## Task to complete:
Some of the lines below need repeating. Reproduce exactly those between the lines holding "Apartments Jadranka Ivana" and "ހައްގުތައް ދޫކޮށްނުލާ، ނޫނީ", inclusive.

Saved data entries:
- Opening Delimiter -

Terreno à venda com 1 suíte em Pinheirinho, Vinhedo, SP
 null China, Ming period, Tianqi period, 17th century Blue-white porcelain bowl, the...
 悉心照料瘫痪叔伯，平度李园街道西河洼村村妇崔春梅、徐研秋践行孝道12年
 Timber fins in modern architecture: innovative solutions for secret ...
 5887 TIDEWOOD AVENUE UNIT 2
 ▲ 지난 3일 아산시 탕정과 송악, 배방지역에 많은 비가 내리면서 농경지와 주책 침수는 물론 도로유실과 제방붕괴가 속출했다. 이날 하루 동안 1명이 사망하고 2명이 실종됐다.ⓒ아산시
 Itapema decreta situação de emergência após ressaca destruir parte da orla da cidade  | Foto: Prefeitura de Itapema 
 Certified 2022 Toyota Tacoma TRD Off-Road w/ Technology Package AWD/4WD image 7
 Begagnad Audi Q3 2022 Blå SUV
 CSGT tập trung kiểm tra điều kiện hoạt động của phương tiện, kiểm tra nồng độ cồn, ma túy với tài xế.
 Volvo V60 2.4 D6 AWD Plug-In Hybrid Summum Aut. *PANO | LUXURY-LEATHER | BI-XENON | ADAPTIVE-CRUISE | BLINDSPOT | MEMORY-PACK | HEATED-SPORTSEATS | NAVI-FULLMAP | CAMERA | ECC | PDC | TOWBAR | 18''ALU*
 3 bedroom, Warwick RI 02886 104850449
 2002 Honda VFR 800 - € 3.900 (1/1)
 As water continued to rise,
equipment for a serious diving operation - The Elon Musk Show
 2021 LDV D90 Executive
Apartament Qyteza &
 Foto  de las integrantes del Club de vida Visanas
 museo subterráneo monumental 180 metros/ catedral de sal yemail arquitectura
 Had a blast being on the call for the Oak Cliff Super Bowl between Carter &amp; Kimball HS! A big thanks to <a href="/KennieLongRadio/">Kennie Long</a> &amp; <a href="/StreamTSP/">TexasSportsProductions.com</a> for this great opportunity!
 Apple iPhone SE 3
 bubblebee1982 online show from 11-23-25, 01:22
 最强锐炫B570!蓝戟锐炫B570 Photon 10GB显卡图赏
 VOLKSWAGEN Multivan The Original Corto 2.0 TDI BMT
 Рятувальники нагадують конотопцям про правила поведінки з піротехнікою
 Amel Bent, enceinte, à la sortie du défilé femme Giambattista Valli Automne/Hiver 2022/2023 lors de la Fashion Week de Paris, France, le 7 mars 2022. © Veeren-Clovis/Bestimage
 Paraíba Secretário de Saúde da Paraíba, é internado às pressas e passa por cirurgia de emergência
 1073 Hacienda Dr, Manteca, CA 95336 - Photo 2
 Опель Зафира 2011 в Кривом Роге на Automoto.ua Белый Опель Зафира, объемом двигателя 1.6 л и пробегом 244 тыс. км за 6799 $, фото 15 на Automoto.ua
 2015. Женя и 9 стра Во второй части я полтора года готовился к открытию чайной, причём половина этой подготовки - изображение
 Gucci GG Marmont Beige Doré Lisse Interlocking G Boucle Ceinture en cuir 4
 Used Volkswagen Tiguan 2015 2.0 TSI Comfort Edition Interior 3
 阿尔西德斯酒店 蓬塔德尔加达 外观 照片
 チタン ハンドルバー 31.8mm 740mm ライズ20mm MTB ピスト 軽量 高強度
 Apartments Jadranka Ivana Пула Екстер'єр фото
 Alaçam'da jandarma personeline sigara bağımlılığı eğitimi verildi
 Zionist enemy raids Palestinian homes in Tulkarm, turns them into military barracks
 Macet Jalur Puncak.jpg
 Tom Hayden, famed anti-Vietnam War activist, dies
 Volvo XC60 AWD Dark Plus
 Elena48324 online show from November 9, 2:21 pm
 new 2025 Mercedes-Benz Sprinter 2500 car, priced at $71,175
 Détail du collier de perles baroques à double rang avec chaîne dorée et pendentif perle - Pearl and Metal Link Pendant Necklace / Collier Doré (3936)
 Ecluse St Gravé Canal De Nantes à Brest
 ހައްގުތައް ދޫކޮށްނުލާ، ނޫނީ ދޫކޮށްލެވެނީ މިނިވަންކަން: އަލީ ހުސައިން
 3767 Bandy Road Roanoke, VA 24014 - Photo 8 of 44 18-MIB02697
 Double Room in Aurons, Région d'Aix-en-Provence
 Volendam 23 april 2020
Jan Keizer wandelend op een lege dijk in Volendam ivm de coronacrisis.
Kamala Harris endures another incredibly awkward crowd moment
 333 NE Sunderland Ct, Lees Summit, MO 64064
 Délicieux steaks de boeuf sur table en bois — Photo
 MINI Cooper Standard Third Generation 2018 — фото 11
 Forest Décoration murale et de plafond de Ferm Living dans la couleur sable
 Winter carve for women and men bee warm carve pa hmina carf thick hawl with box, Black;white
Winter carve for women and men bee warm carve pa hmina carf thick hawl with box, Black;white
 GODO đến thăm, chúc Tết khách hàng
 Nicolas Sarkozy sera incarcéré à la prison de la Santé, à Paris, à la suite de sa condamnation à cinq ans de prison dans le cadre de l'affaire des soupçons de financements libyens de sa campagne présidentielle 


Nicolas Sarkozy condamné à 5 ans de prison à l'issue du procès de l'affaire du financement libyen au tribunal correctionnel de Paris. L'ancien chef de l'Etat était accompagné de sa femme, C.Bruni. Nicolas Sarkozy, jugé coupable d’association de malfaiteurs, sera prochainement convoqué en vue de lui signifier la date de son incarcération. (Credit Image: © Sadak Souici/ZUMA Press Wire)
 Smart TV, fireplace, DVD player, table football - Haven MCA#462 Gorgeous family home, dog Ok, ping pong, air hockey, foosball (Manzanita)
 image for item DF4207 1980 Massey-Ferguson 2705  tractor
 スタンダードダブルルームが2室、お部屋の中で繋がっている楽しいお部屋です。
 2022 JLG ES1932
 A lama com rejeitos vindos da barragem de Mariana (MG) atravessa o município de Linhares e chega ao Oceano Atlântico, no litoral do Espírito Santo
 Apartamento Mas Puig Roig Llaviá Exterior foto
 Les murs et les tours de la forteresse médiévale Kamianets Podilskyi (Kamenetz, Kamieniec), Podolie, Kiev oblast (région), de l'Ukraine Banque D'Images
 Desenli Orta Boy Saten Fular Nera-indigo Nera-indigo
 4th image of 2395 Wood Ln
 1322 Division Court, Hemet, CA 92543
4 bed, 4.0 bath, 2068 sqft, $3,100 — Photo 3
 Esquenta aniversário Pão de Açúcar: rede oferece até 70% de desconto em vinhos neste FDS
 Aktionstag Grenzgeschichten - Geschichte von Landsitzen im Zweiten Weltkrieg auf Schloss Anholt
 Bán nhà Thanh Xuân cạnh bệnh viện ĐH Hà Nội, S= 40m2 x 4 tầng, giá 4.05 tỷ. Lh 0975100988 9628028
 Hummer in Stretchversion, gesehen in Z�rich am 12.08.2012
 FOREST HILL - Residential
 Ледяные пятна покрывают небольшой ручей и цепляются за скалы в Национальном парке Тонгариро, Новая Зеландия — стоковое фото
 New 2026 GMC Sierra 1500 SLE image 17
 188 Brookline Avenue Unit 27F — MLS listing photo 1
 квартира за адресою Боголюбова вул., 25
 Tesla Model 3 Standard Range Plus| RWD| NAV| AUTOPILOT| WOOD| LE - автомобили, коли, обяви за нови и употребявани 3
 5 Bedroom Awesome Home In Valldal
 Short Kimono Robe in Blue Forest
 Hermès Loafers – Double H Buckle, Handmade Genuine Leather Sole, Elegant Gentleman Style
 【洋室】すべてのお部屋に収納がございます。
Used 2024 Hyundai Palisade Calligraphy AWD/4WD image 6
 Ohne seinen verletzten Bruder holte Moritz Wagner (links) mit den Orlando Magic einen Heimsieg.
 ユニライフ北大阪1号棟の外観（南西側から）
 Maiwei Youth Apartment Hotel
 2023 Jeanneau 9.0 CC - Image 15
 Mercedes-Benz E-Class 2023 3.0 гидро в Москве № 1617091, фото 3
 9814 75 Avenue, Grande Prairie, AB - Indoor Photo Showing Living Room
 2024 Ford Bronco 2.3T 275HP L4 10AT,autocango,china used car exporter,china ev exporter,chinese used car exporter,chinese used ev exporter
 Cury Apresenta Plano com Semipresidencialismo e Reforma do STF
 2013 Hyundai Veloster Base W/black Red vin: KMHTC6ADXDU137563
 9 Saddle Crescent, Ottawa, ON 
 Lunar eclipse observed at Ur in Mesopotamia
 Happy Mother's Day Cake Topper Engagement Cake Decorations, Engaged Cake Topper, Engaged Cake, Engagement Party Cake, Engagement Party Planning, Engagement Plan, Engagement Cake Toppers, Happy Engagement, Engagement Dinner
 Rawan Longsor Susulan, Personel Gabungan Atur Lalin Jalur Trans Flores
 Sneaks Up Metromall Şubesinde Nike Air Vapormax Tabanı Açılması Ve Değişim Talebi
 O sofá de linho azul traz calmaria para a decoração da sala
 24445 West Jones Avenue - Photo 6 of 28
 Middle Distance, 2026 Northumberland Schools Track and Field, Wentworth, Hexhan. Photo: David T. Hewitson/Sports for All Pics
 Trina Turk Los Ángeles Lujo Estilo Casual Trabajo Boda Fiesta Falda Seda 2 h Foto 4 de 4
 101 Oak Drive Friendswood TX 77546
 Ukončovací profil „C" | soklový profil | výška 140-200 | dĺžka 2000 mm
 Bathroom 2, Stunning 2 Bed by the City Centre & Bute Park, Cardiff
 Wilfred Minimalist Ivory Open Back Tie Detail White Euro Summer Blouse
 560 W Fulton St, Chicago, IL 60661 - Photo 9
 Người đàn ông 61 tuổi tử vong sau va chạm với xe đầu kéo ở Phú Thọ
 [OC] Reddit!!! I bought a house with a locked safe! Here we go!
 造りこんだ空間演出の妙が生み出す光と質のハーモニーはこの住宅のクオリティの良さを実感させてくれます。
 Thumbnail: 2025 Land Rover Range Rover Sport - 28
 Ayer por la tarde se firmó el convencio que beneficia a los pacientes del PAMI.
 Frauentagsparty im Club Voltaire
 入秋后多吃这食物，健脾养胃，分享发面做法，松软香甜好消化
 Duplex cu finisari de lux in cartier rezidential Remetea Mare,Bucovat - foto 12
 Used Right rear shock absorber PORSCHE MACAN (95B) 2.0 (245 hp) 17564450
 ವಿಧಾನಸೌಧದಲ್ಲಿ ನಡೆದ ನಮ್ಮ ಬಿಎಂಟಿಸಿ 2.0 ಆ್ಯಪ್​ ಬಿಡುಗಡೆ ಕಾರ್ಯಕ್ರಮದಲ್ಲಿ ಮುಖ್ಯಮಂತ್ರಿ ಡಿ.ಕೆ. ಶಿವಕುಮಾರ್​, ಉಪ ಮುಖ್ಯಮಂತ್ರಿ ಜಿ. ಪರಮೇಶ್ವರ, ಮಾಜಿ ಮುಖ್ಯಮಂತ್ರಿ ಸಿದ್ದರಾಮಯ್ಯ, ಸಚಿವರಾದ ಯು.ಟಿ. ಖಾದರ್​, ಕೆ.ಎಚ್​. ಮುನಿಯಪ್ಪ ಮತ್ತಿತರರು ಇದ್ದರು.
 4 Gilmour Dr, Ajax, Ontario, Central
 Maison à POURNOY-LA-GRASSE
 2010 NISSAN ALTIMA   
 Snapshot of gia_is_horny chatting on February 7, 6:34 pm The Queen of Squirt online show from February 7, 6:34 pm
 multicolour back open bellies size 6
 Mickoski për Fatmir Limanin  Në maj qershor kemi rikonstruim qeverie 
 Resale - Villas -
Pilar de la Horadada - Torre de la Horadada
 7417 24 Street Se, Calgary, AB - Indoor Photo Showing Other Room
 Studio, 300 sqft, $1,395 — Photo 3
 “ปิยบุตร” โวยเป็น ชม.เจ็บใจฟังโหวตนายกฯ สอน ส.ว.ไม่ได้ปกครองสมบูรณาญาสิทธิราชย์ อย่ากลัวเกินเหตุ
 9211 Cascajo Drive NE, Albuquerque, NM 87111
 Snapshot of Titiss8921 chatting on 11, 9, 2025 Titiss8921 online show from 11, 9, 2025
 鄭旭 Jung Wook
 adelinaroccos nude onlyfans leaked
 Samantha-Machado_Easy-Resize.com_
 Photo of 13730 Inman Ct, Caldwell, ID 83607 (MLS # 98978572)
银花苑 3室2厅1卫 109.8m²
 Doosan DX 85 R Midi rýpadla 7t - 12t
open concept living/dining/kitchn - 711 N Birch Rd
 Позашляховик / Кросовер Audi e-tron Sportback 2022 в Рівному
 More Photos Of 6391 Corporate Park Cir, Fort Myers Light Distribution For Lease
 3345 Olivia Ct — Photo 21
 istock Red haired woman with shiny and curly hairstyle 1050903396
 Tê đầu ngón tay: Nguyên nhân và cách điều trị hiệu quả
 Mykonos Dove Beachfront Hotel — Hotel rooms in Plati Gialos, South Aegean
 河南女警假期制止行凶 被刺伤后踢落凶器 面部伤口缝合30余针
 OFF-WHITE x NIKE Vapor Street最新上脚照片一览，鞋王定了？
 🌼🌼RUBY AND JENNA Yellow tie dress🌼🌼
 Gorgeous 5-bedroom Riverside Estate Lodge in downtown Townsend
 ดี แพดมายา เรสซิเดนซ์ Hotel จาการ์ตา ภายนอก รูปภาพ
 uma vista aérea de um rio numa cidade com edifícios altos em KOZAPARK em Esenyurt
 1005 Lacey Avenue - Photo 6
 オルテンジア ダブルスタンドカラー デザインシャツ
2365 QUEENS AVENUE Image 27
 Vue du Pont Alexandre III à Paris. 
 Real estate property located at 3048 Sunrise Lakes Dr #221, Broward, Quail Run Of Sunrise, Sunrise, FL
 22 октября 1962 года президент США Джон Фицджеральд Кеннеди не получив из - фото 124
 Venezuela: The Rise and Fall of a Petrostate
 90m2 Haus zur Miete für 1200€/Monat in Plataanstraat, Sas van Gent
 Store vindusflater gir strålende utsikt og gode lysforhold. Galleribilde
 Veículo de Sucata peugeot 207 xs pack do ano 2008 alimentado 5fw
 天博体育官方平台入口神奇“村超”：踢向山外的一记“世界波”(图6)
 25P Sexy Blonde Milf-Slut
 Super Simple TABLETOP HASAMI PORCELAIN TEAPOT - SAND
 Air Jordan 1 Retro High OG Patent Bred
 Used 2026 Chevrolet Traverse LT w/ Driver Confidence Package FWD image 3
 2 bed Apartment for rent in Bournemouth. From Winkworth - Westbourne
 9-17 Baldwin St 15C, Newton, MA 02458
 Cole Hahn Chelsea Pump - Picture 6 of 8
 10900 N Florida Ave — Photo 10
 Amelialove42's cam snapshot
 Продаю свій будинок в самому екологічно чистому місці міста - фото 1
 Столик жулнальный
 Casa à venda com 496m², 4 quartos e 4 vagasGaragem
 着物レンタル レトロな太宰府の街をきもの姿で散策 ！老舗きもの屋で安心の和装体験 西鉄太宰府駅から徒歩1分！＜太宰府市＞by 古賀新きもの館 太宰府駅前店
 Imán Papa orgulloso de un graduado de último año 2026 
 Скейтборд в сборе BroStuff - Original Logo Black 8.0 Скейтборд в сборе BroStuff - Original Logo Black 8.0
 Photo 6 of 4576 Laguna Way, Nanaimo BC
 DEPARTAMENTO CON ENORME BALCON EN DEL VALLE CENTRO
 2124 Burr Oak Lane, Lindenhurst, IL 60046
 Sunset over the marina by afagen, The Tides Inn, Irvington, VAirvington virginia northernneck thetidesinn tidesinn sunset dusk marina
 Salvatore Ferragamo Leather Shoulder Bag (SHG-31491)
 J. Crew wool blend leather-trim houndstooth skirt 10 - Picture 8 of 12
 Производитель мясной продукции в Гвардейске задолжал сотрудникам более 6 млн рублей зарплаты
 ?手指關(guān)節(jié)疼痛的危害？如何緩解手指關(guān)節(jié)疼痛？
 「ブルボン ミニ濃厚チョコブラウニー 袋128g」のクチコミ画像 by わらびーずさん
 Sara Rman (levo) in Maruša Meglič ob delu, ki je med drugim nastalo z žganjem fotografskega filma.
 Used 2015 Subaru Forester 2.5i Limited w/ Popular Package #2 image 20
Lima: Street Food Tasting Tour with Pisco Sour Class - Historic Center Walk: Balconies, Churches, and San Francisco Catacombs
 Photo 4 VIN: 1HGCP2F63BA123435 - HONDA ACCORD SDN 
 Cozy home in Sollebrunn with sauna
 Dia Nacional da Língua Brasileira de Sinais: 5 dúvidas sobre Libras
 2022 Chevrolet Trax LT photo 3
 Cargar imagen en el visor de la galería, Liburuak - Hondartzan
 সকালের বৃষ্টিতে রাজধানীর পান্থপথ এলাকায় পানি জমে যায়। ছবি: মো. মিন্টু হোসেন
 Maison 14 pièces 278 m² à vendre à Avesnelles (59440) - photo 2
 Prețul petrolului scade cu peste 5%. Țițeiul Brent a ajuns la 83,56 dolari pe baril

- Closing Delimiter -

## Written solution:
 Apartments Jadranka Ivana Пула Екстер'єр фото
 Alaçam'da jandarma personeline sigara bağımlılığı eğitimi verildi
 Zionist enemy raids Palestinian homes in Tulkarm, turns them into military barracks
 Macet Jalur Puncak.jpg
 Tom Hayden, famed anti-Vietnam War activist, dies
 Volvo XC60 AWD Dark Plus
 Elena48324 online show from November 9, 2:21 pm
 new 2025 Mercedes-Benz Sprinter 2500 car, priced at $71,175
 Détail du collier de perles baroques à double rang avec chaîne dorée et pendentif perle - Pearl and Metal Link Pendant Necklace / Collier Doré (3936)
 Ecluse St Gravé Canal De Nantes à Brest
 ހައްގުތައް ދޫކޮށްނުލާ، ނޫނީ ދޫކޮށްލެވެނީ މިނިވަންކަން: އަލީ ހުސައިން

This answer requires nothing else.